Patientinnen sollten unbedingt auf die Einnahme am ersten Zyklustag, also mit einsetzender Blutung, die Größe der Tabletten – sie sind ähnlich groß wie einige Antibiotika – und den Nachgeschmack während der Einnahme hingewiesen werden.

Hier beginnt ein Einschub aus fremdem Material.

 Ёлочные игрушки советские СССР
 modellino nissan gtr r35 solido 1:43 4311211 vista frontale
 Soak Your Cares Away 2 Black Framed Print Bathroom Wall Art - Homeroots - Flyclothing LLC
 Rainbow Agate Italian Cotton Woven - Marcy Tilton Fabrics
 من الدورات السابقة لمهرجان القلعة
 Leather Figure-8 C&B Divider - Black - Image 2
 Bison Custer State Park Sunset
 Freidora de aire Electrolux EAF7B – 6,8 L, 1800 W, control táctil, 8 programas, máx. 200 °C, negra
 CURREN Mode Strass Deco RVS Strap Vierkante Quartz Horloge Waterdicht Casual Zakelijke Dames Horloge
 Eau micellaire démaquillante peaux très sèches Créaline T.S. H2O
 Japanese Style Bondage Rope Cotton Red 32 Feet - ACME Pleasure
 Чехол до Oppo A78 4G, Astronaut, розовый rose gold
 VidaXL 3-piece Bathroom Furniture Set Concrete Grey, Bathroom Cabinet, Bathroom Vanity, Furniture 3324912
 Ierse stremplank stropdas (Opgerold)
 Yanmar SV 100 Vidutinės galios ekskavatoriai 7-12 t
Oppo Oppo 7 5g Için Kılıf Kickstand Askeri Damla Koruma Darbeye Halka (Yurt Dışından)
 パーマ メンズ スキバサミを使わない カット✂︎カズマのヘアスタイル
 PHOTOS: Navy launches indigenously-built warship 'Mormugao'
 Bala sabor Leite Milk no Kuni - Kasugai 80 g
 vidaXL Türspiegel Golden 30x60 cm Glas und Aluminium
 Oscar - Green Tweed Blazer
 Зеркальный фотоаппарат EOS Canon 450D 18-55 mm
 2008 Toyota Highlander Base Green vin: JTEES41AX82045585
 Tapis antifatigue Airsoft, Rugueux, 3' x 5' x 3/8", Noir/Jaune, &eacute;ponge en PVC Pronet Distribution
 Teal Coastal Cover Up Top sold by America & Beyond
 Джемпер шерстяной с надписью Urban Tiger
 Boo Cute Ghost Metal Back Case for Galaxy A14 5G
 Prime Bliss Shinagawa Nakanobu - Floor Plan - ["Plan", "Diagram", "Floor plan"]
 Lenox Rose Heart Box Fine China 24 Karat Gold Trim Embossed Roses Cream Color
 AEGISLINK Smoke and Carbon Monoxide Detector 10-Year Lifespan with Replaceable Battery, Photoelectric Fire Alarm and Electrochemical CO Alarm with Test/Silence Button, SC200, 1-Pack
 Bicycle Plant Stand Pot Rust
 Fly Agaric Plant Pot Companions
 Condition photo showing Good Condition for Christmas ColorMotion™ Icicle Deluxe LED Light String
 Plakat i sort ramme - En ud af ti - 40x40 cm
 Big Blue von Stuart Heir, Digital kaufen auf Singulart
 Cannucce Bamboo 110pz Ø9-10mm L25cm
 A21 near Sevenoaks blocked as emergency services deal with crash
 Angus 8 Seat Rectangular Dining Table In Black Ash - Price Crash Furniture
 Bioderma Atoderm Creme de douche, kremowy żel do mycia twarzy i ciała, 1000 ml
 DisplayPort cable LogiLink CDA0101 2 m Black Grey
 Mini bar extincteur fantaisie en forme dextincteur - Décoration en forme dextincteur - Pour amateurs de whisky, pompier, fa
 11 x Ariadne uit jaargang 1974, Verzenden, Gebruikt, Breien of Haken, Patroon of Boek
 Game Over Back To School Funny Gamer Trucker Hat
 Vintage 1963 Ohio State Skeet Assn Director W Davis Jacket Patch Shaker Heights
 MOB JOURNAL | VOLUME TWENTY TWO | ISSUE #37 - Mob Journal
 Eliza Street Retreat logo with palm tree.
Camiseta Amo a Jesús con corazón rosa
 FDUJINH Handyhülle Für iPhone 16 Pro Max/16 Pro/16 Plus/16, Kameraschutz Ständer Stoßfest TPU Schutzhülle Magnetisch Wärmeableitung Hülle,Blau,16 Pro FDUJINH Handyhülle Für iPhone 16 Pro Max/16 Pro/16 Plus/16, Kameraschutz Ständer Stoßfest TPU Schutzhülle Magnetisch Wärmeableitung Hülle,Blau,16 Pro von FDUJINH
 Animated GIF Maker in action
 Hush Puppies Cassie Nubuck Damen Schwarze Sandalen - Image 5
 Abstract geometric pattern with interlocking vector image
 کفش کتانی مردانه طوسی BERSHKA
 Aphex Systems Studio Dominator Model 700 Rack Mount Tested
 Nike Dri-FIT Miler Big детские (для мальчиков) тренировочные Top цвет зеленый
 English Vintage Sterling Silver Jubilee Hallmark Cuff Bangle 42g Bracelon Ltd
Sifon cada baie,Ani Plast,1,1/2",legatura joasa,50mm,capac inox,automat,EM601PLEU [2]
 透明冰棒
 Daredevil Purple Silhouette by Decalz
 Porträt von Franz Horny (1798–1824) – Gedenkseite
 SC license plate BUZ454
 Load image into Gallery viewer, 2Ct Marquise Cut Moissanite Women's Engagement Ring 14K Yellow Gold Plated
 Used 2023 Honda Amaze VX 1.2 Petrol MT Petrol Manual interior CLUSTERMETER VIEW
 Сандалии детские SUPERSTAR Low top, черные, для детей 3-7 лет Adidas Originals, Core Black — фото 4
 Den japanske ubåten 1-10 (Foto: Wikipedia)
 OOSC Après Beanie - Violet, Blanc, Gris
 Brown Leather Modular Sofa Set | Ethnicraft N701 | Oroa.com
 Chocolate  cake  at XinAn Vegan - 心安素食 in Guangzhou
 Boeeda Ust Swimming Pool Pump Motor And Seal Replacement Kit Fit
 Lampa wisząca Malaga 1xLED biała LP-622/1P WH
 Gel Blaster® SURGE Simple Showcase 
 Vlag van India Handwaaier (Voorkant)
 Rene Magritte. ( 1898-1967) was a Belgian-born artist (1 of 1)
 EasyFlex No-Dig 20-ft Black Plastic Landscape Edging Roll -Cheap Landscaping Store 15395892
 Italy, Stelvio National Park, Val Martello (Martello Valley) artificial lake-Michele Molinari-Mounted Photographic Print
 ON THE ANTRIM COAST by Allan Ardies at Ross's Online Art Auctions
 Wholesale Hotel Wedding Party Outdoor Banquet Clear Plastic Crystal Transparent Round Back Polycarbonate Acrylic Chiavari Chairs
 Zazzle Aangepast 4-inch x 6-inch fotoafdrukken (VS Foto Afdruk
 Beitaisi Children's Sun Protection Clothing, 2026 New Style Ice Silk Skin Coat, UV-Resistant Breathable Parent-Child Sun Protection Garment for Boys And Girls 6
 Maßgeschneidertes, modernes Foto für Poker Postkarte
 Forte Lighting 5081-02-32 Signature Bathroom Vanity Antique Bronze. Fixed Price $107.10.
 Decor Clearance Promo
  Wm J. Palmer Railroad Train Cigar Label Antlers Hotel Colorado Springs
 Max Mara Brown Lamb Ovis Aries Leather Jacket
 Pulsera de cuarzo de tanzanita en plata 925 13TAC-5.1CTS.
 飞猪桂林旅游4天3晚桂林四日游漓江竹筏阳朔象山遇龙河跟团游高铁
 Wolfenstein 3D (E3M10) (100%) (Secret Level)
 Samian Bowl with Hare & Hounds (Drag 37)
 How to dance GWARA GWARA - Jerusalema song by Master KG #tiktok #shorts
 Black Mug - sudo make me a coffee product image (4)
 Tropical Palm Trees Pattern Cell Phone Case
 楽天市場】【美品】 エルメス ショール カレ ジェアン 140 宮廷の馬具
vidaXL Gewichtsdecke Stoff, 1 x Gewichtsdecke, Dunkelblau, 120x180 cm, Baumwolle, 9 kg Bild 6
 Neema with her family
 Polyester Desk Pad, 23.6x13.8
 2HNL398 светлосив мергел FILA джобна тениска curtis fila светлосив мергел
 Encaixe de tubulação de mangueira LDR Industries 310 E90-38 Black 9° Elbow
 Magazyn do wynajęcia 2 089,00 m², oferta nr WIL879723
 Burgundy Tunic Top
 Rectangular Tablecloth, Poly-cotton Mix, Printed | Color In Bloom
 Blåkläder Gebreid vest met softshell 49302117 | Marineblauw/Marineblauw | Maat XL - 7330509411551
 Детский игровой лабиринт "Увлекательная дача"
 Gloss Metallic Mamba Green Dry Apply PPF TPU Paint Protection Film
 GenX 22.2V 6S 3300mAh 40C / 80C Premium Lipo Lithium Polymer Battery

Hormonelle Therapie ist eher selten

Alternativ oder additiv kann die Applikation von Progesteron oral oder vaginal zur Behandlung einer Hypermenorrhö erfolgen. Neben reinen Gestagenpräparaten in der zweiten Zyklushälfte werden auch kombinierte Estrogen-Gestagen-Präparate mit Ethinylestradiol oder Estradiolvalerat angewendet. Ein bevorzugtes Präparat gäbe es nicht, die Vorgehensweise entspräche eher dem Motto „try and error“. Das sei vor allem darin begründet, dass es für die Indikation Hypermenorrhö nur zwei zugelassene orale Kontrazeptiva – Zoely® und Qlaira® – gäbe, betonte Halimeh abschließend. Ihrer Meinung nach sollte Agnus castus immer der Vorzug gegeben werden, bevor bei jungen Frauen ein Kontrazeptivum off Label eingesetzt werde. Berücksichtigt werden müsse auch, ob die Linderung der Symptomlast oder ein zusätzlicher Verhütungswunsch bei den Patientinnen im Vordergrund stehe.